I'm just looking for clarification on this.
Say I have a small web form, a 'widget' if you will, that gets data, does some client side verification on it or other AJAX-y nonsense, and on clicking a button would direct to another page.
If I wanted this to be an 'embeddable' component, so other people could stick this on their sites, am I limited to basically encapsulating it within an iframe?
And are there any limitations on what I can and can't do in that iframe?
For example, the button that would take you to another page - this would load the content in the iframe? So it would need to exist outwith the iframe?
And finally, if the button the user clicked were to take them to an https page to verify credit-card details, are there any specific security no-nos that would stop this happening?
EDIT: For an example of what I'm on about, think about embedding either googlemaps or multimap on a page.
EDIT EDIT: Okay, I think I get it.
There are Two ways.
One - embed in an IFrame, but this is limited.
Two - create a Javascript API, and ask the consumer to link to this. But this is a lot more complex for both the consumer and the creator.
Have I got that right?
Thanks
Duncan
There's plus points for both methods. I for one, wouldn't use another person's Javascript on my page unless I was absolutely certain I could trust the source. It's not hard to make a malicious script that submits the values of all input boxes on a page. If you don't need access to the contents of the page, then using an iframe would be the best option.
Buttons and links can be "told" to navigate the top or parent frame using the target attribute, like so:
This is a link
<form action="http://some.url/with/a/page" target="_parent"><button type="submit">This is a button</button></form>
In this situation, since you're navigating away from the hosting page, the same-origin-policy wouldn't apply.
In similar situations, widgets are generally iframes placed on your page. iGoogle and Windows Live Gadgets (to my knowlege) are hosted in iframes, and for very good reason - security.

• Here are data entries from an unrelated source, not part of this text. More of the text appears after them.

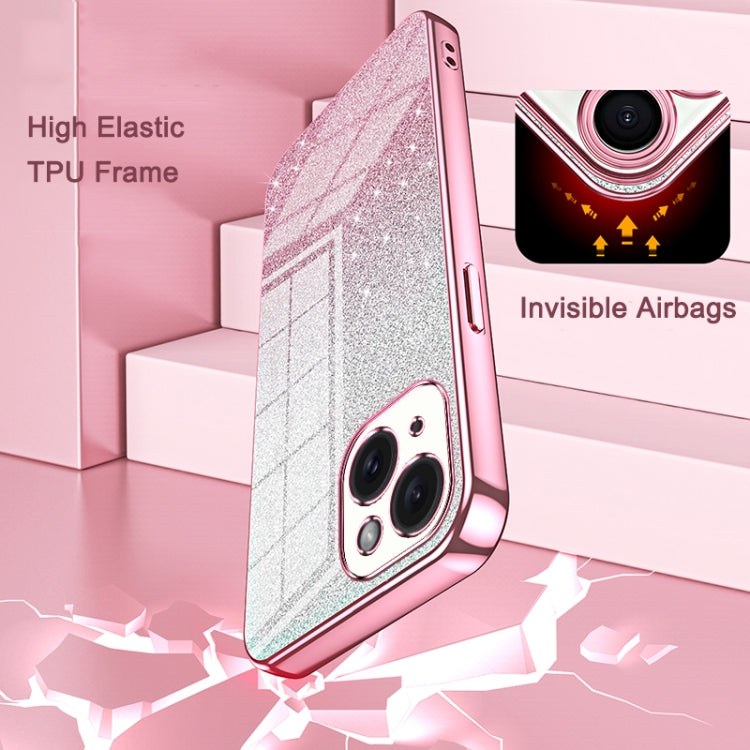 For iPhone 16 Pro Max Gradient Glitter Powder Electroplated Phone Case
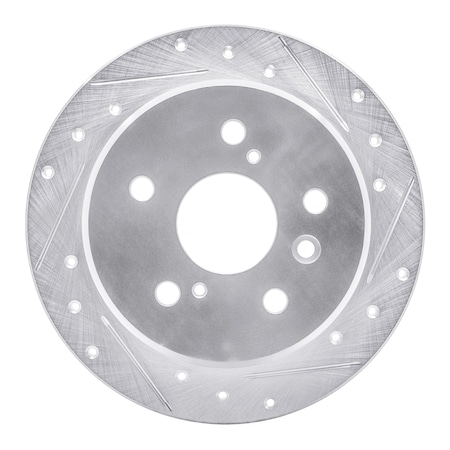 Dynamic Friction Co DFC Brake Rotor - Drilled and Slotted - Silver 631-76054R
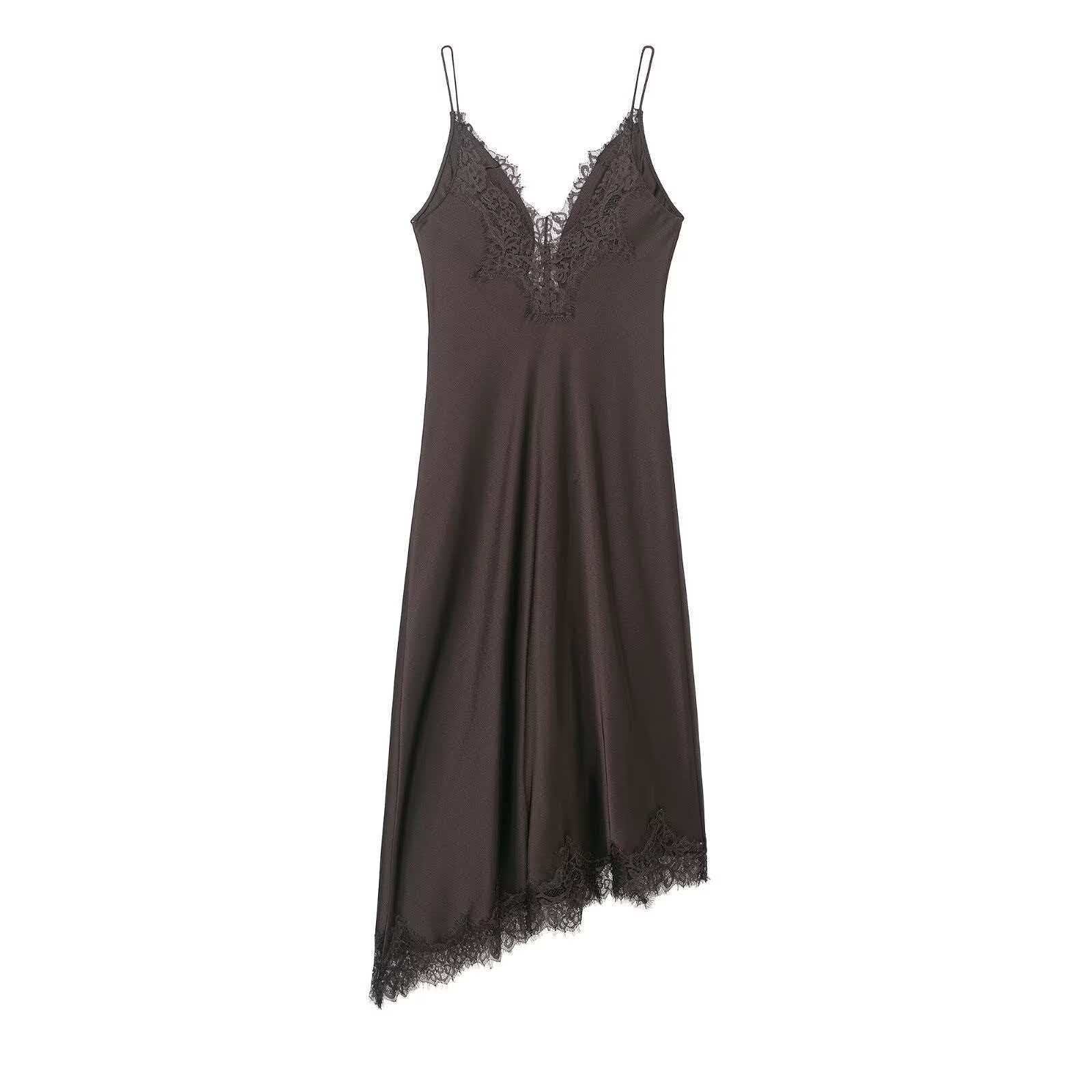 Women's Slimming Lace-Trim Satin-Feel Sleeveless Midi Dress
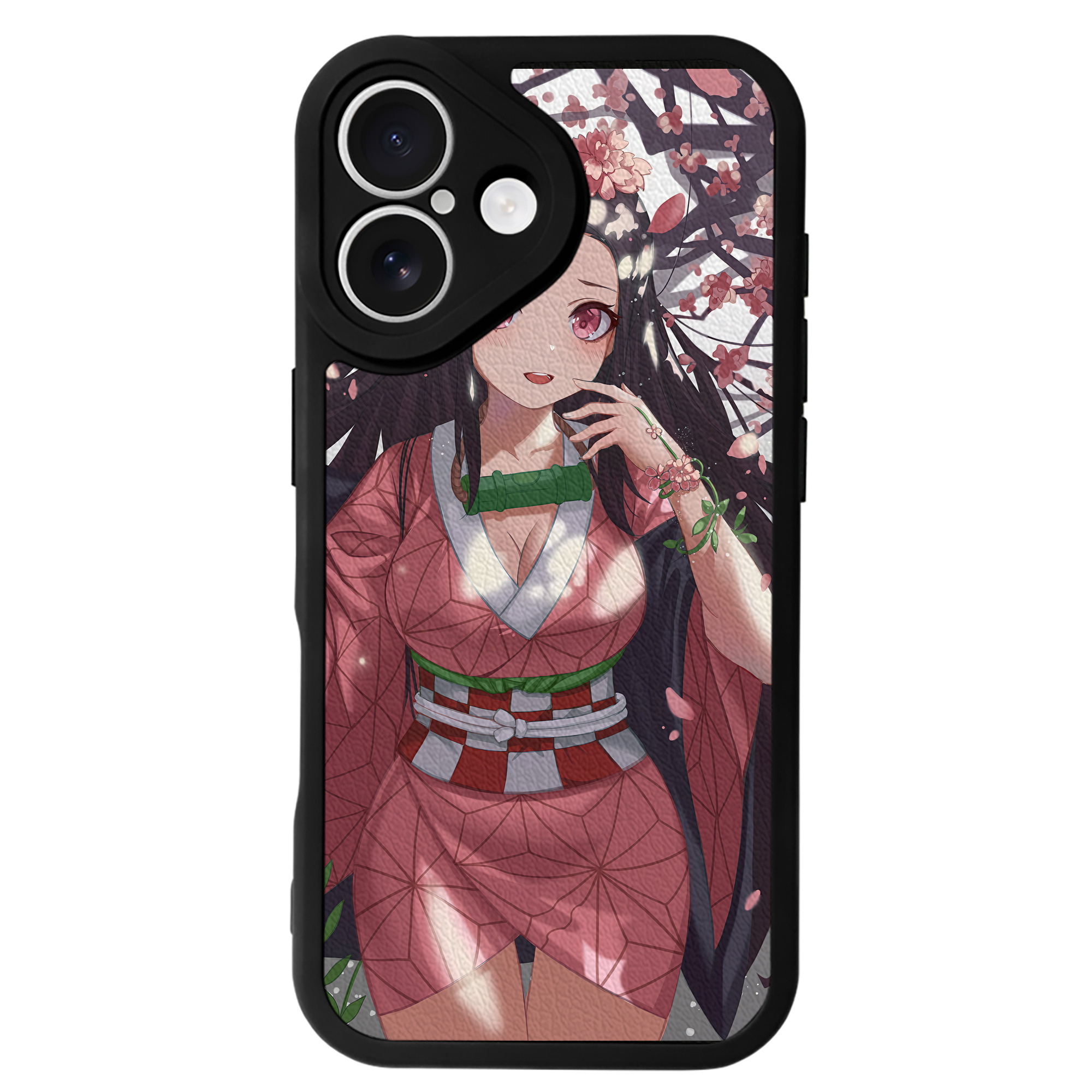 （画像用） 鬼滅の刃（きめつのやいば）竈門 禰󠄀豆子／かまど ねずこ Kamado Nezuko 【iPhone 16シリーズ対応】シリコンスマホケース（レザー調） 材質：シリコン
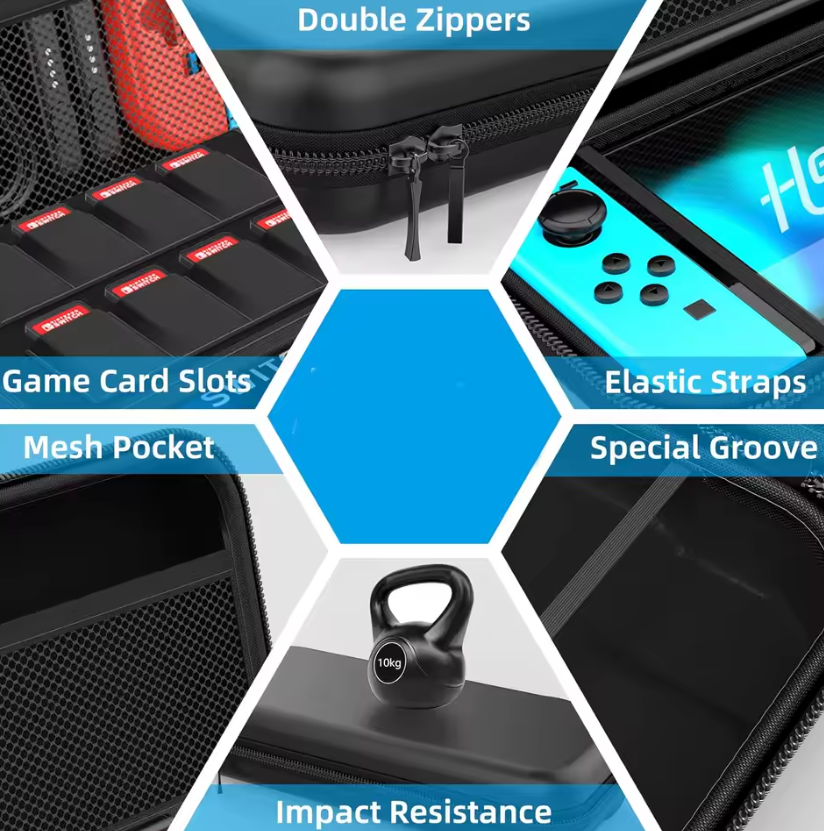 Hülle für Nintendo Switch 2 Tasche Reisetasche mit 8 Spielkartenfächern Schwarz
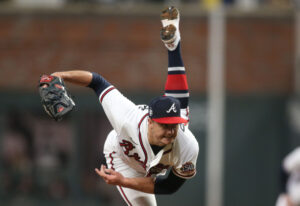 Atlanta Braves starting pitcher Tucker Davidson throws against the Houston Astros in Game 5 of the 2021 World Series at Truist Park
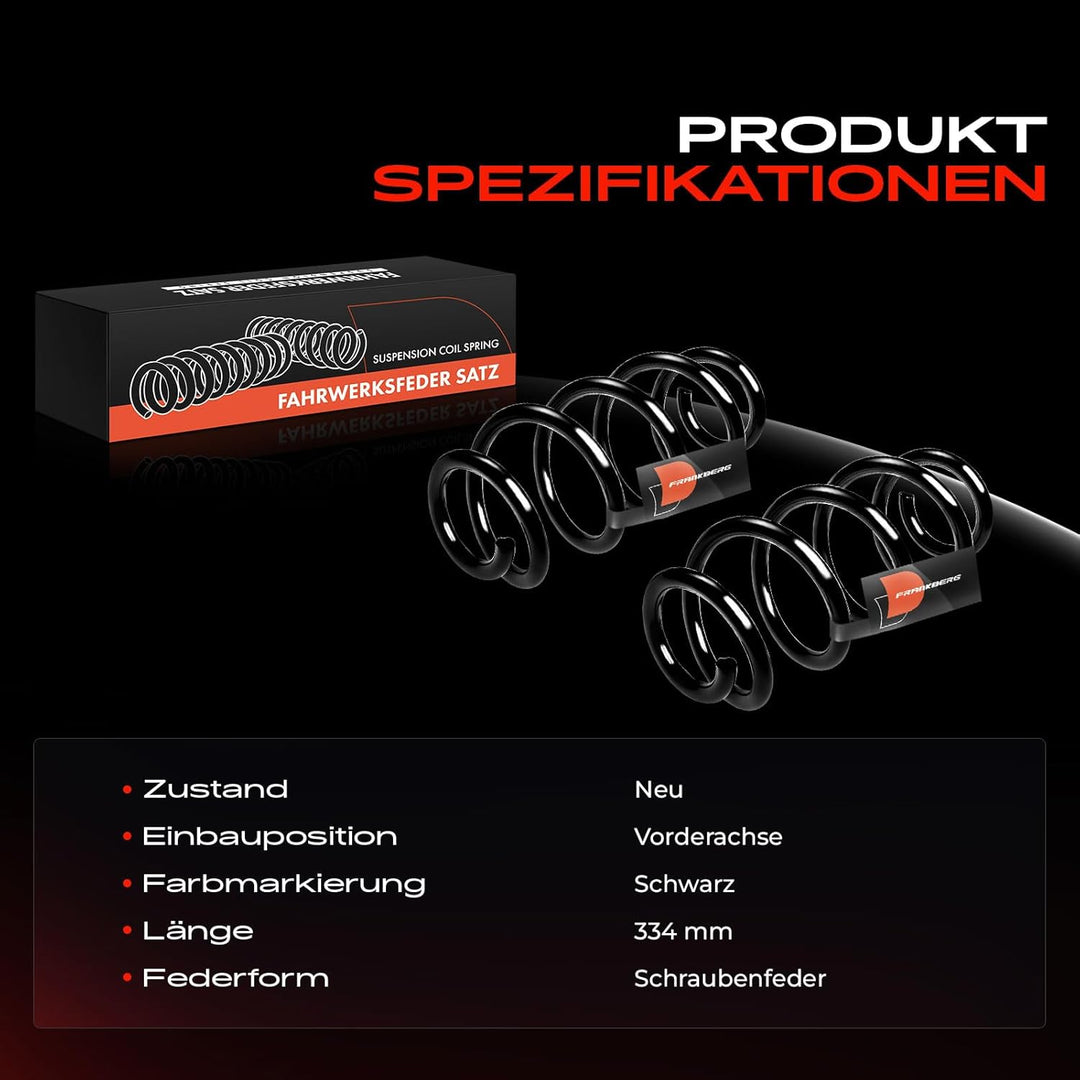 Frankberg 2x Federn Fahrwerksfeder Vorderachse Kompatibel mit A4 Allroad 8KH B8 3.0L Kombi 2009-2016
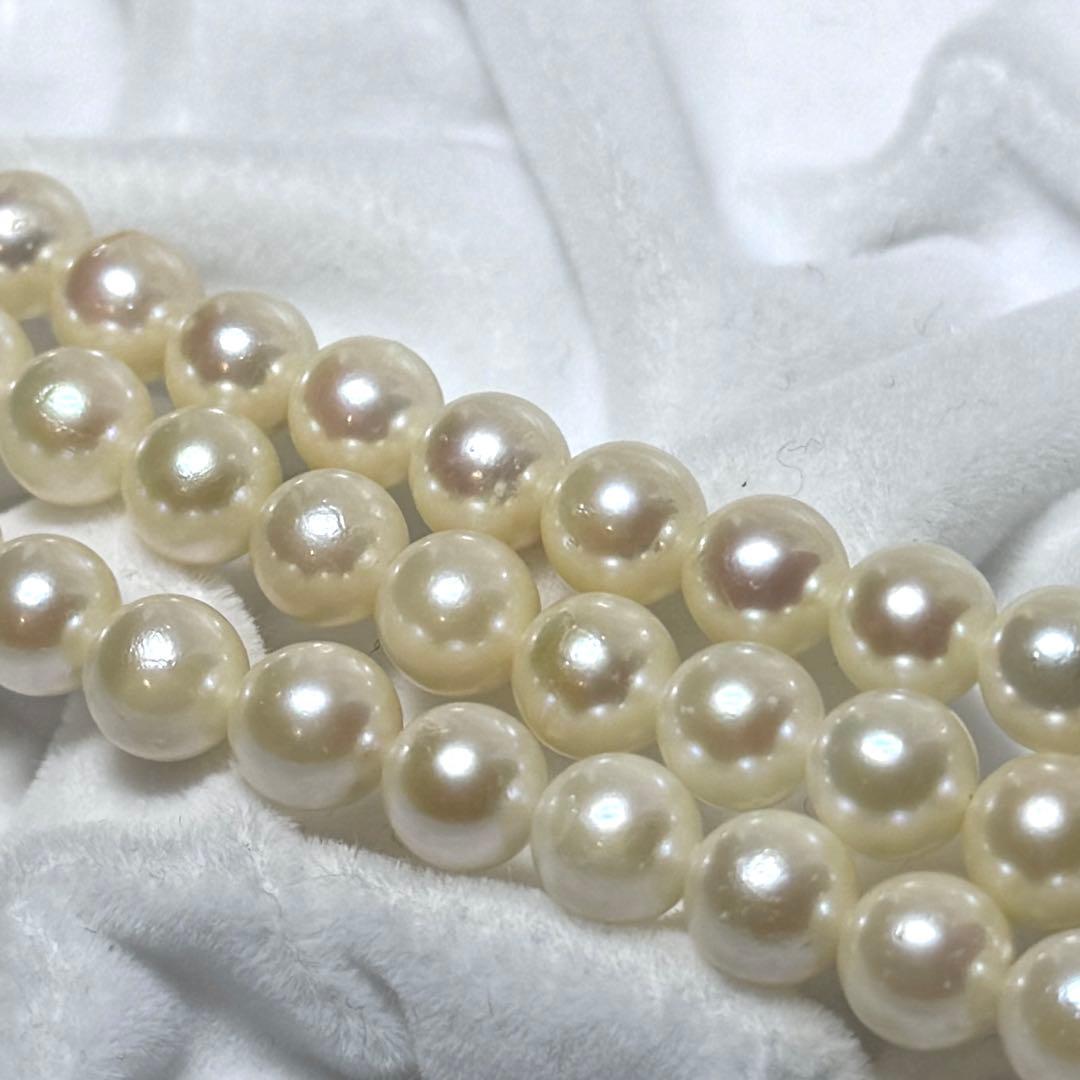 希少✨3連 アコヤ真珠 約6.0-6.5mm パールネックレス シルバー金具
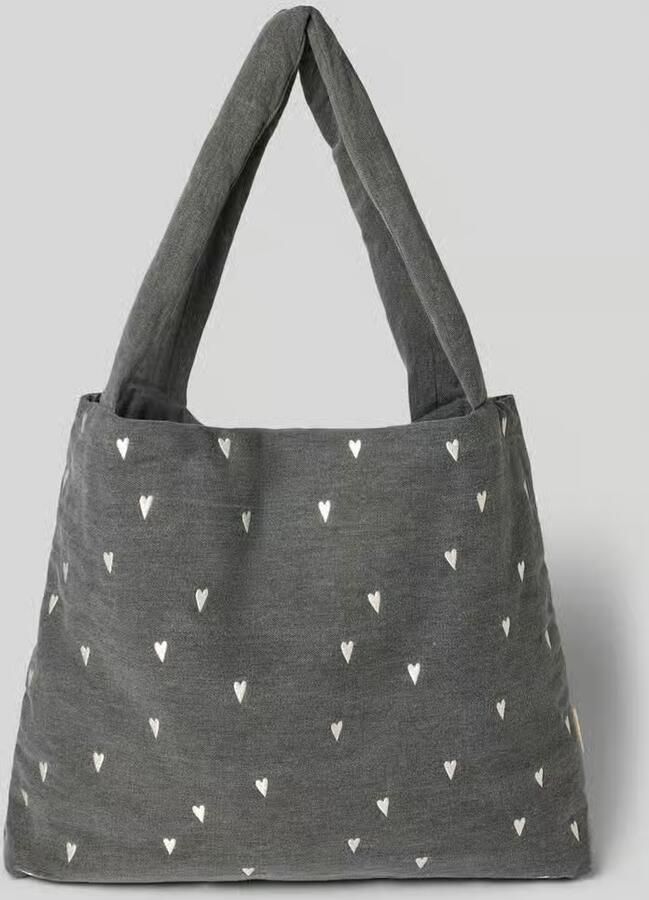 Studio Noos Tote tas met logodetail in denimlook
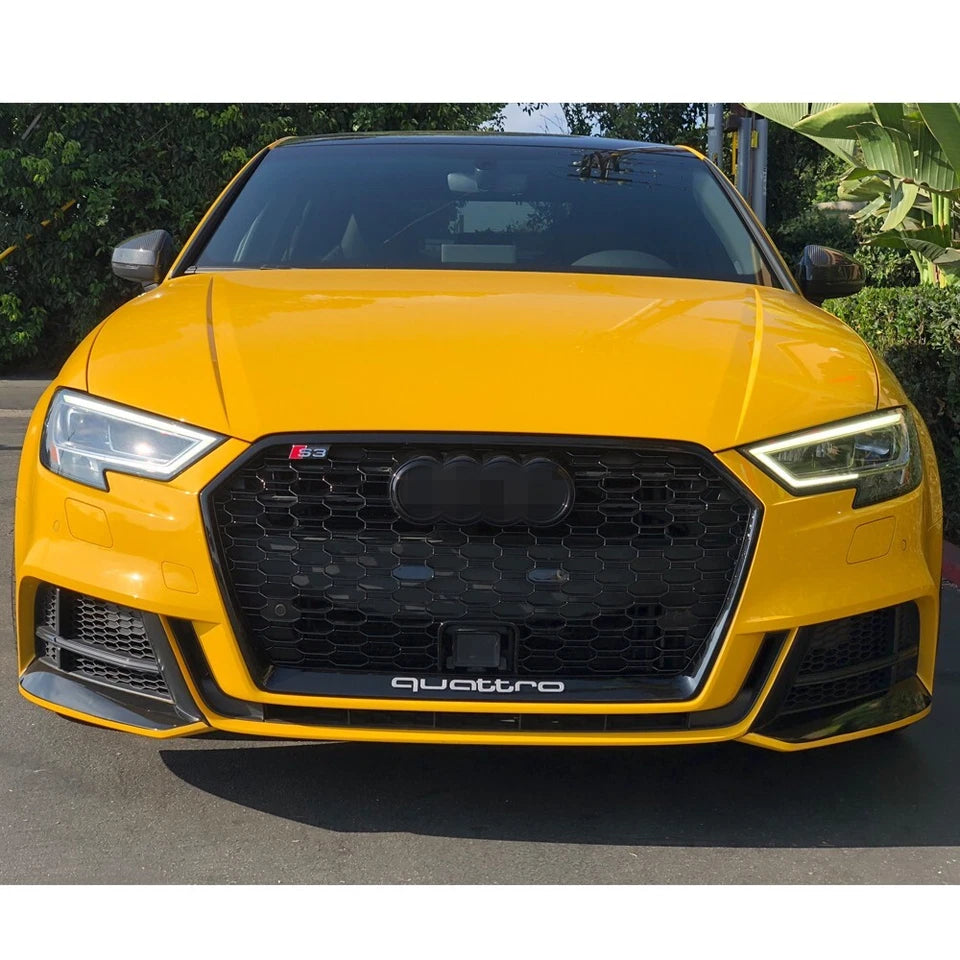 🔥ART.5996 GRIGLIA ANTERIORE NERO LUCIDO PER AUDI A3 8V2 / S3 S-LINE 2017–2020🔥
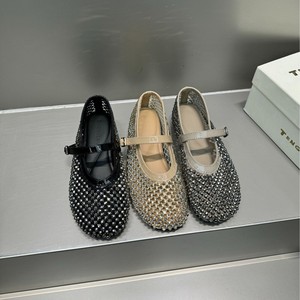 <span class=keywords><strong>Zapatos</strong></span> Planos Mary Jane de <span class=keywords><strong>Mujer</strong></span> con Pedrería, Malla Calada, Piel Genuina, Correa Ajustable con Hebilla, Forro de Piel de Cerdo y Tacón Bajo, OEM ODM - Product Image 5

If you are using AJAX I assume you have a server written in C# or Java or some OO language.
It doesn't really matter what language only the syntax will vary.
Either way I would advise against the iFrame methods.
It will open up way way too many holes or problems like Http with Https (or vice-versa) in an iFrame will show a mixed content warning.
So what do you do?
Do a server-side call to the remote site
Parse the response appropriately on the server
Return via AJAX what you need
Display returned content to the user
You know how to do the AJAX just add a server-side call to the remote site.
Java:
URL url = new URL("http://www.WEBSITE.com");
URLConnection conn = url.openConnection();
or
C#:
HttpWebRequest req = (HttpWebRequest)HttpWebRequest.Create("http://www.WEBSITE.com");
WebResponse res = req.GetResponse();
I think you want to get away from using inline frames if possible. Although they are sometimes useful, they can cause issues with navigation and bookmarking. Generally, if you can do it some other way than an iframe, that is the better method.
Given that you make an AJAX reference, a Javascript pointer would probably be the best bet i.e. embed what you need to do in script tags. Note that this is how Google embed things such as Google Analytics and Google Ads. It also has the benefit of also being pullable from a url hosted by you, thus you can update the code and 'voila' it is active in all the web pages that use this. (Google usually use version numbers as well so they don't switch everyone when they make changes).
Re the credit card scenario, Javascript is bound by the 'same origin policy'. For a clarification, see http://en.wikipedia.org/wiki/Same_origin_policy
Added: Google Maps works in the same way and with some caveats such as a user/site key that explicitly identify who is using the code.
Look into using something like jQuery, create a "plugin" for your component, just one way, and just a thought but if you want to share the component with other folks to use this is one of the things that can be done.